**Data for processing**
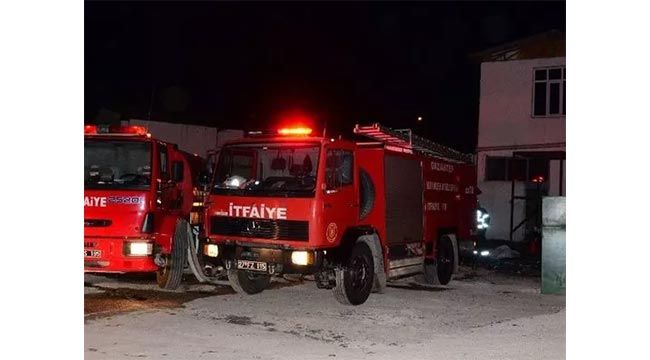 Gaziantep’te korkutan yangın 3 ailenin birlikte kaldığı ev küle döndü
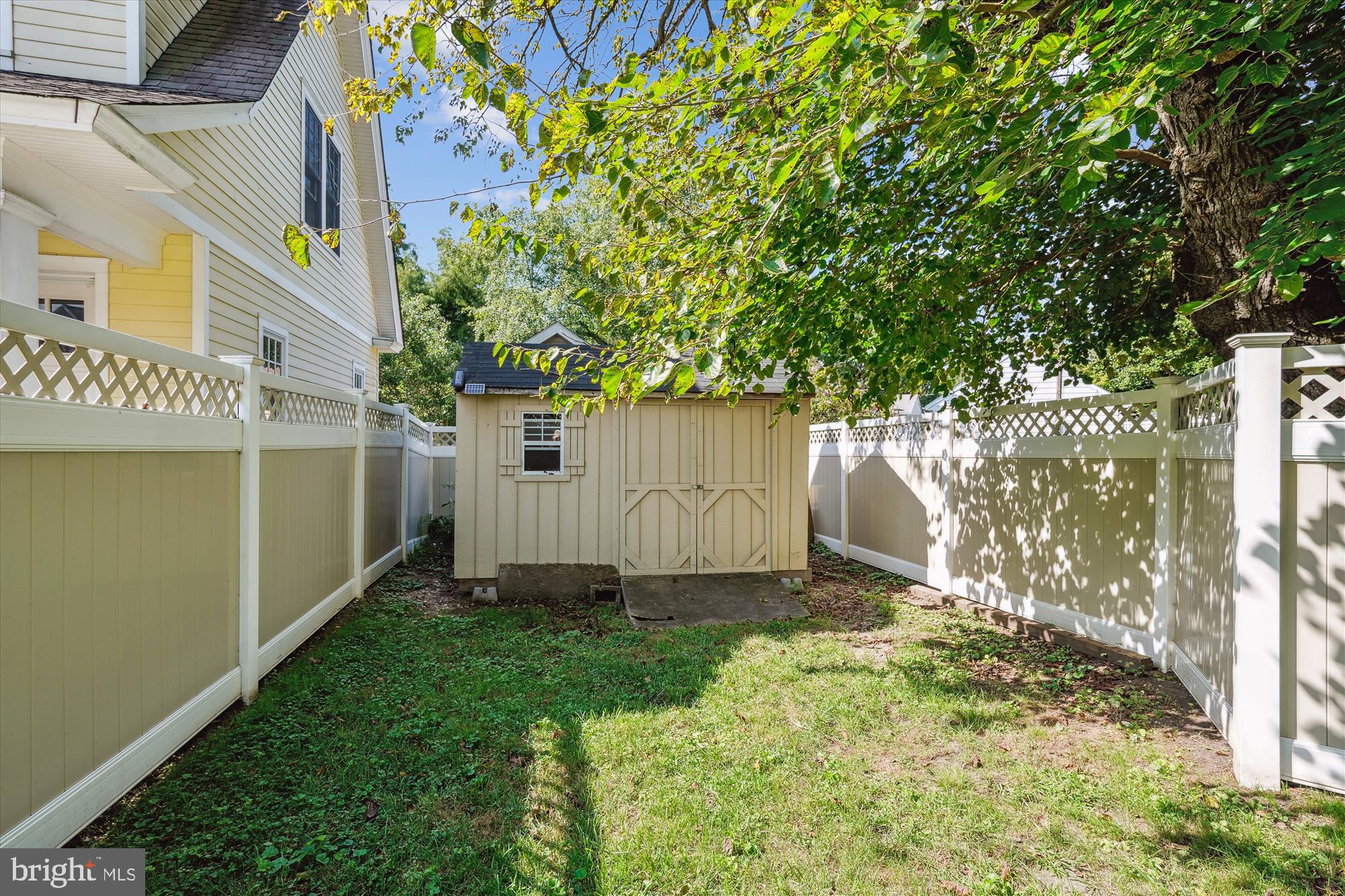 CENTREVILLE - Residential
==
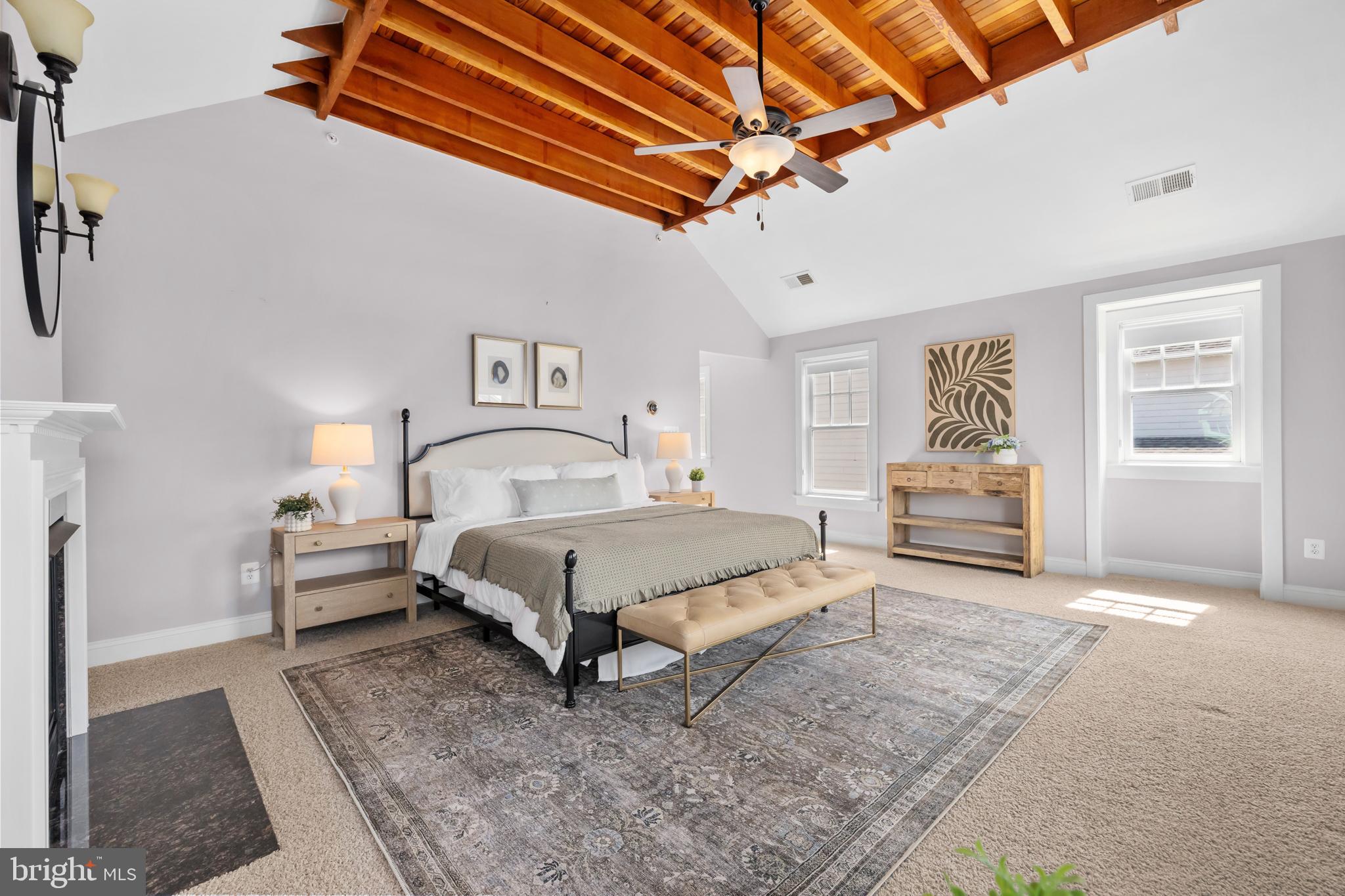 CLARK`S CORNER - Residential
* * *
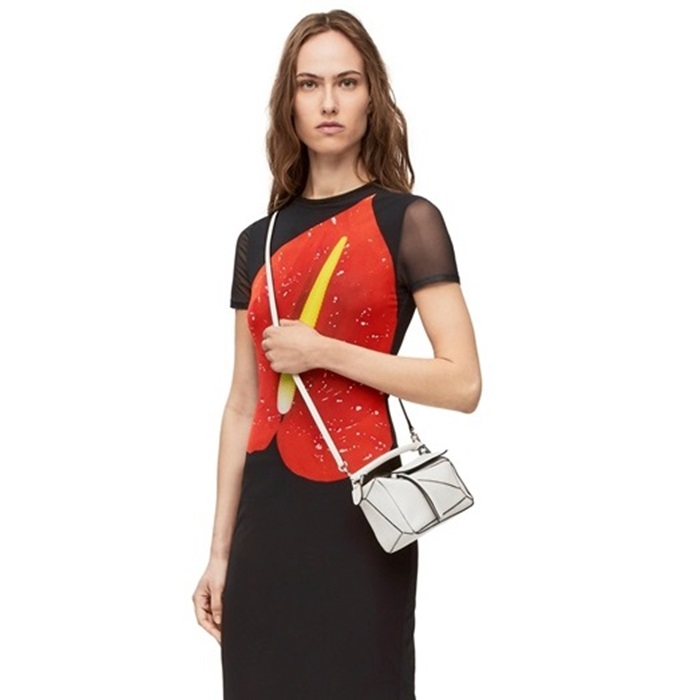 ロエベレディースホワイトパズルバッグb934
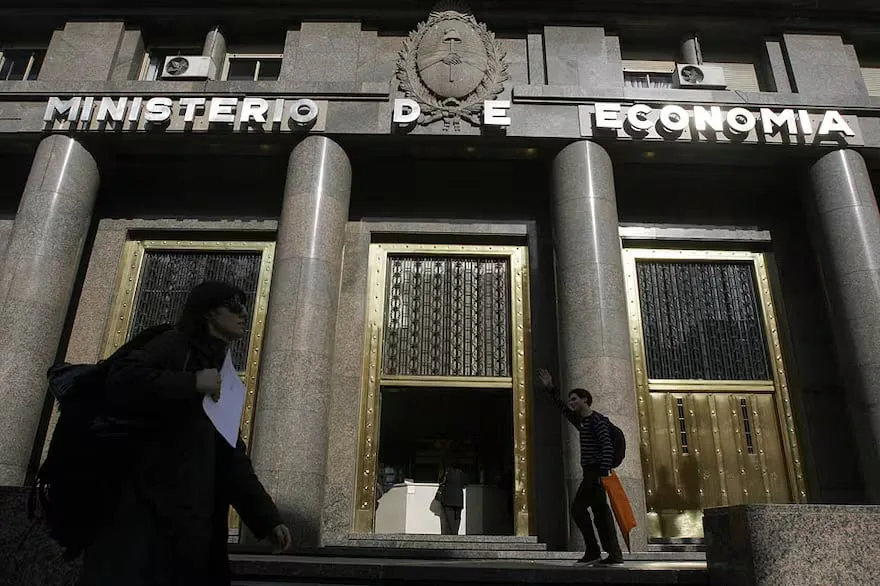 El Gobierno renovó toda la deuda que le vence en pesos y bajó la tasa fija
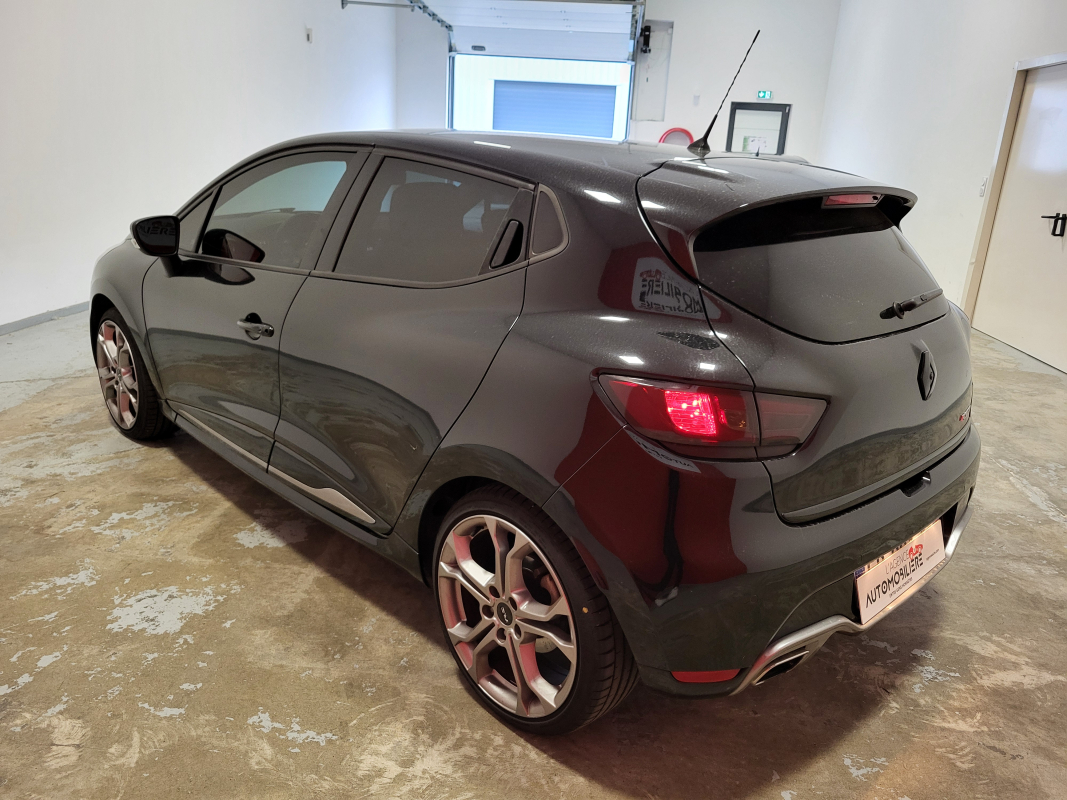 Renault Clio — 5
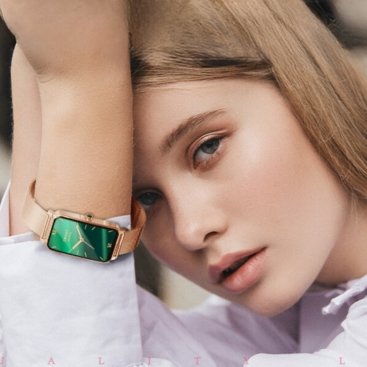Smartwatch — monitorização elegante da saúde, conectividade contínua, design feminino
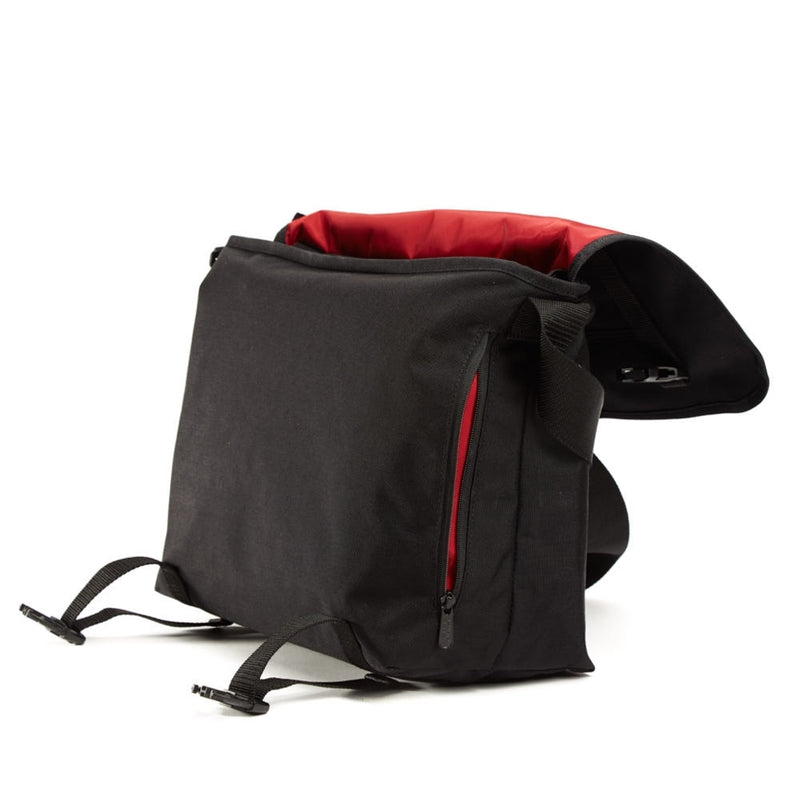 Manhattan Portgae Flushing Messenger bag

**What you should do**
Would you copy, word for word, only the lines above from the one containing "ロエベレディースホワイトパズルバッグb934" through the one containing "Manhattan Portgae Flushing Messenger bag", both included, and please leave out the pictures?

**Exercise result**
 ロエベレディースホワイトパズルバッグb934
 El Gobierno renovó toda la deuda que le vence en pesos y bajó la tasa fija
 Renault Clio — 5
Smartwatch — monitorização elegante da saúde, conectividade contínua, design feminino
 Manhattan Portgae Flushing Messenger bag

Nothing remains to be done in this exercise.